Ci, którzy od początku wróżyli Krzysztofowi Kolbergerowi wyjątkową karierę, nie pomylili się. Zaraz po ukończeniu warszawskiej PWST dane mu było przeżyć najpiękniejszą przygodę romantyczną. Wystąpił w roli szekspirowskiego Romea oraz mickiewiczowskiego Gustawa-Konrada. Ta gorączka romantyczna trawiła go właściwie do końca.
– Jako młody chłopak miałem określone warunki i większości reżyserów kojarzyłem się z bohaterem romantycznym. Byłem w tym zapewne na tyle przekonujący, że pojawiały się kolejne, podobne propozycje. Teksty romantyczne bardzo mnie fascynowały, więc nie protestowałem – mówił w jednym z wywiadów dla „Rz". I dodawał: – Elegancki i wyciszony to ja lubię być w życiu. W zawodzie, który uprawiam, jestem gotów do szaleństw.

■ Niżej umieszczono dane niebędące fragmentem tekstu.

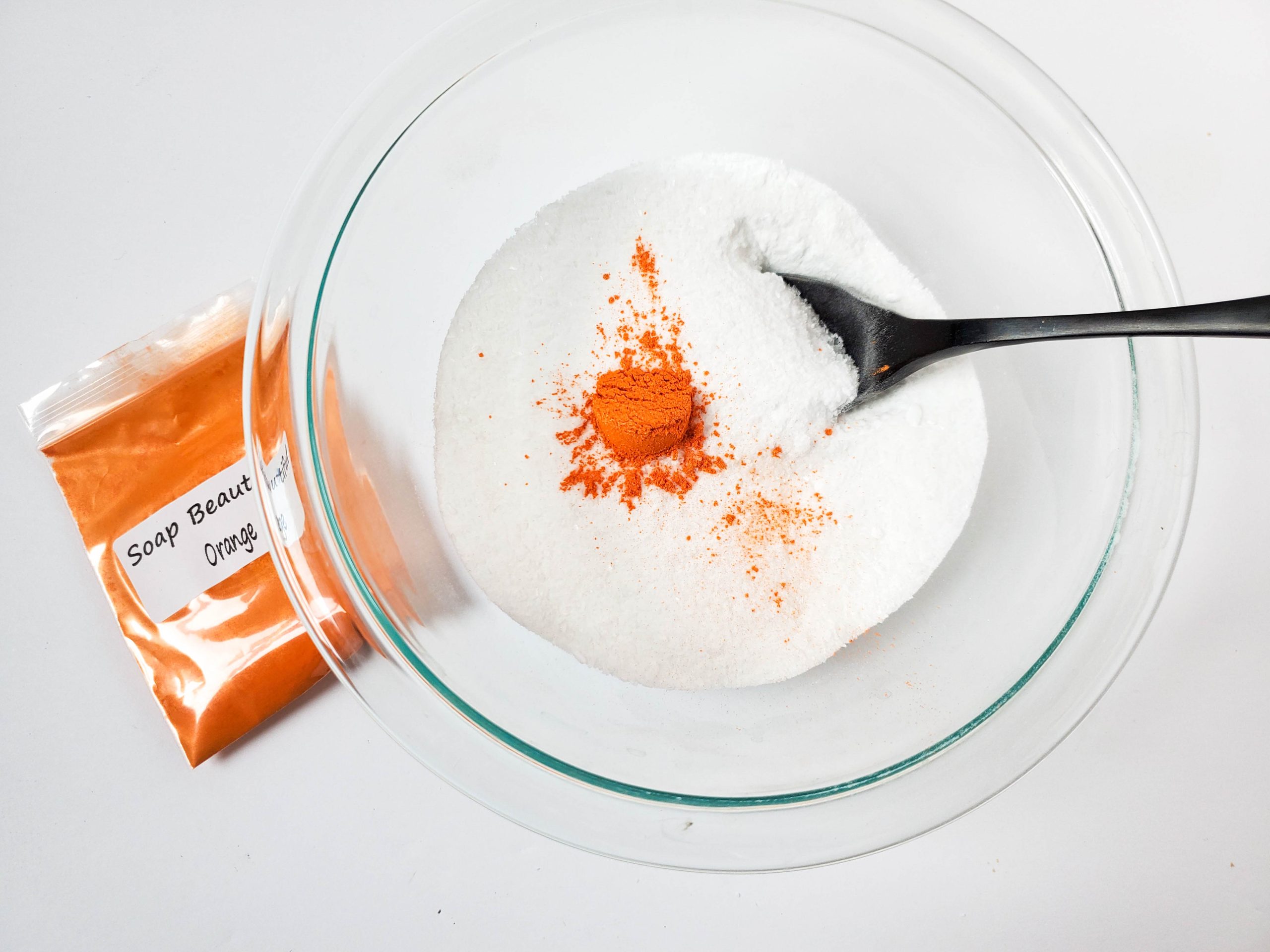 adding color to the sweet orange shower steamer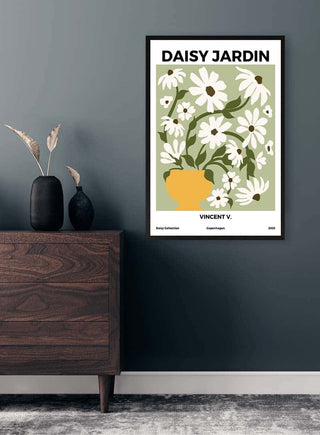 Framed "Daisy Jardin No 1 - Vincent V." floral art poster displayed above a wooden dresser in a modern room.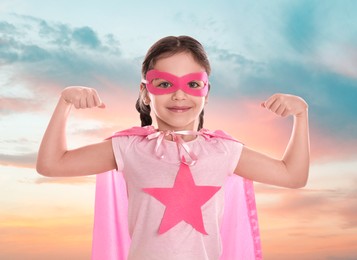 Image of Cute little girl in superhero costume against cloudy sky
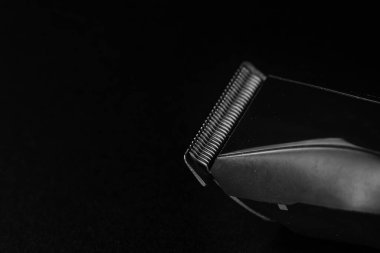 Saç çıkarma konsepti, siyah arka planda izole edilmiş elektrikli jilet..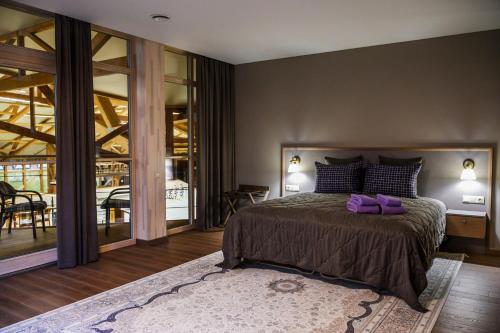 a bedroom with a large bed with purple pillows at Royal Horse Resort in Balkasodis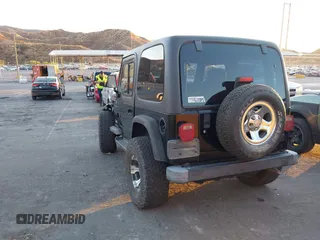 2004 Jeep Wrangler SE with VIN 1J4FA29184P762210, listed as a IAAI auction lot 40983051 with 107,525 mi miles and . Bid and sale history available at DreamBid. Image 3.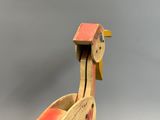 a wooden toy bird that is sitting on a table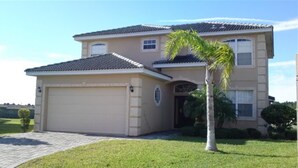 A two-story house with a garage, a covered patio, and a well-maintained lawn. - Ov4069 - Vista Park - 5 Bed 4 Baths Villa (Davenport)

O tym, jak świetnie czuł romantyzm, będzie można przekonać się, oglądając spektakle Teatru Telewizji. Jego Romeo wydaje się wręcz modelowy. Jerzy Gruza, który w 1974 roku zrealizował telewizyjną wersję „Romea i Julii", wspomina:
– Nie ukrywam, że kompletowanie obsady rozpocząłem od Krzysztofa Kolbergera. Był już wtedy gwiazdą, popularną, ale niezużytą. Cieszył się wielką sympatią widzów, wzdychały do niego nastolatki. Jego Romeo był idealistą, bez grama cynizmu. Wraz z Bożeną Adamkówną, grającą Julię, stanowili samotną wyspę wrażliwców osaczonych przez świat szyderców.